Combining of lists with different number of entries is not recommended - in this case the shortest of the lists will be used:

id('rcpt');rcpts.take_n(5).lower;urls.get_host.lower

will produce a list that might have up to 5 elements and concatenate it with a prefix:

rcpt:rcpt1:example.com
rcpt:rcpt2:example2.com
rcpt:rcpt3:example3.com

Data definition functions

Data definition part defines what exactly needs to be extracted. Here is the list of methods supported by Rspamd so far:

  • request_header - Get specific HTTP request header. The first argument must be header name.
  • id - Return value from function’s argument or an empty string, For example, id('Something') returns a string ‘Something’
  • pool_var - Get specific pool var. The first argument must be variable name, the second argument is optional and defines the type (string by default)
  • emails - Get list of all emails. If no arguments specified, returns list of url objects. Otherwise, calls a specific method, e.g. get_user
  • asn - Get AS number (ASN module must be executed first)
  • country - Get country (ASN module must be executed first)
  • ip - Get source IP address
  • time - Get task timestamp. The first argument is type:
    • connect: connection timestamp (default)
    • message: timestamp as defined by Date header

    The second argument is optional time format, see os.date description

  • digest - Get content digest
  • helo - Get helo value
  • urls - Get list of all urls. If no arguments specified, returns list of url objects. Otherwise, calls a specific method, e.g. get_tld
  • user - Get authenticated user name
  • received - Get list of received headers. If no arguments specified, returns list of tables. Otherwise, selects a specific element, e.g. by_hostname
  • from - Get MIME or SMTP from (e.g. from('smtp') or from('mime'), uses any type by default)
  • attachments - Get list of all attachments digests
  • header - Get header with the name that is expected as an argument. The optional second argument accepts list of flags:
    • full: returns all headers with this name with all data (like task:get_header_full())
    • strong: use case sensitive match when matching header’s name
  • rcpts - Get MIME or SMTP rcpts (e.g. rcpts('smtp') or rcpts('mime'), uses any type by default)
  • files - Get all attachments files
  • to - Get principal recipient

Transformation functions

  • id - Drops input value and return values from function’s arguments or an empty string
  • substring - Extracts substring
  • first - Returns the first element
  • lower - Returns the lowercased string
  • drop_n - Returns list without the first n elements
  • regexp - Regexp matching
  • not_in - Boolean function not in. Returns either nil or its input if input is not in args list
  • in - Boolean function in. Returns either nil or its input if input is in args list
  • take_n - Returns the n first elements
  • last - Returns the last element
  • nth - Returns the nth element
  • join - Joins strings into a single string using separator in the argument
  • digest - Create a digest from a string. The first argument is encoding (hex, base32, base64), the second argument is optional hash type (blake2, sha256, sha1, sha512, md5)

Type safety

All selectors provide type safety controls. It means that Rspamd checks if types within pipeline match each other. For example, rcpts extractor returns a list of addresses, and from returns a single address. If you need to lowercase this address you need to convert it to a string as the first step. This could be done by getting a specific element of this address, e.g. from.addr -> this returns a string (you could also get from.name to get a displayed name, for example). Each processor has its own list of the accepted types.
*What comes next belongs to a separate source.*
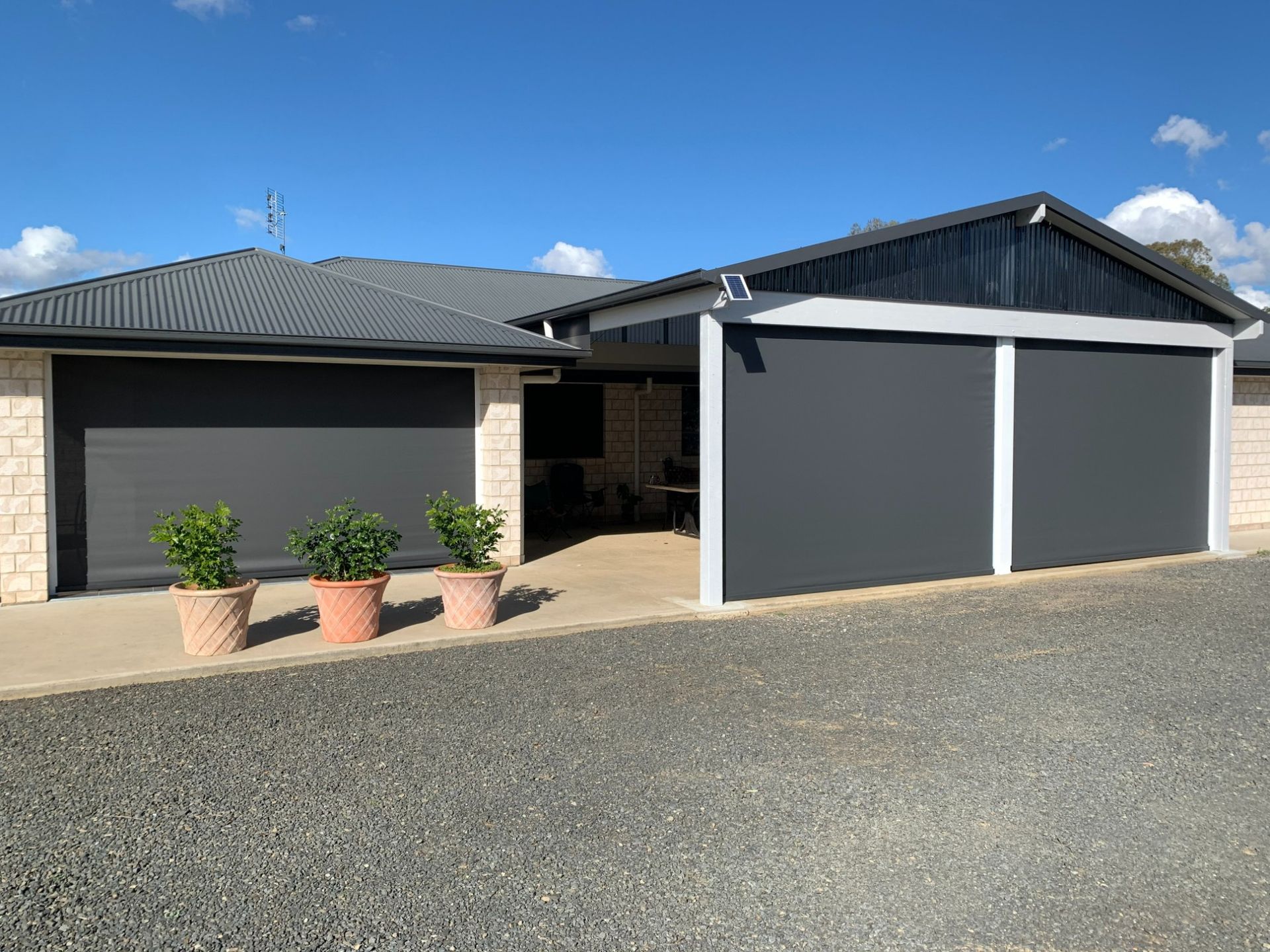 Grey Roller Shades on Garage and Walkway — Toowoomba Shade & Canvas in Warwick, QLD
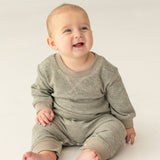 A smiling baby with light skin and short hair sits on a light-colored floor, wearing the Miles Romper by Beckett and Bear—a sage green, minimalist-inspired boys romper with ribbed fabric and matching pants.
However, in the case of recipients, rcpt returns a list of addresses not a single address. Despite of this, you can still apply the same pipeline rcpts.addr.tolower. This magic works as many processors could be functionally applied as a map:

elt1 -> f(elt1) -> elt1'
elt2 -> f(elt2) -> elt2'
elt3 -> f(elt3) -> elt3'

So a list of elements of type t is element-wise transformed using processor f forming a new list of type t1 (could be same as t). The length of the new list is the same.

For convenience, the final values could be transformed implicitly to their string form. For example, URLs, emails and IP addresses could be converted to strings implicitly.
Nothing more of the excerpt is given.